The relentlessness with which the bad weather hit the locality surprised the chief of the village of Panjal Sheikh, Ghulam Rasool, 80 years old.

“We heard a huge noise suddenly, and we didn’t immediately understand what was happening,” said the old man who believed that his son’s house had collapsed and that its four occupants were deceased. It was actually the sound of torrents of water pouring down.

He was not at the end of his surprises. While the family tried in vain to prevent the water from invading their land, Mr. Rasool’s daughter gave birth.

“I felt pain, but I was afraid to talk about it. I finally told my mother,” said Naheed Sheikh, 30.

In the pouring rain, her family finally managed to take her to a poorly maintained hospital where she gave birth by Caesarean section. But his ordeal did not stop when he returned home.

“I was half asleep in my room… when we felt the room was rocking,” she told AFP. “I rushed outside with my daughter in my arms when the walls came crashing down as we were walking out.”

At the end of the thirteen days of rain, Mr. Rasool surveyed what was left, stumbling over piles of straw, family belongings and piles of firewood whose sale allowed him to make ends meet.
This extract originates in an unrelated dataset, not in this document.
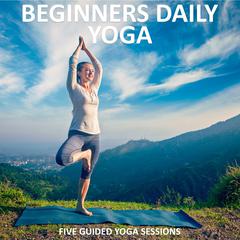 Beginners Daily Yoga Audiobook, by Sue Fuller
The man undertook to knock down the fragile walls still standing so that they would not fall on passers-by. “Everything is destroyed. We can’t even cook,” he lamented. “We are in great pain and are waiting for someone to help us.”

Many flood survivors like in Panjal Sheikh traveled to the nearby larger town of Sukkur in hopes of getting help. Some took shelter in crude plastic tents along an elevated road.

As two army trucks passed carrying food, sacks of wheat, tents and cooking pots, the crowd rushed in their direction. Some desperately tried to climb into the trucks, struggling to reach his load. The soldiers shouted at them to form a line, but few listened.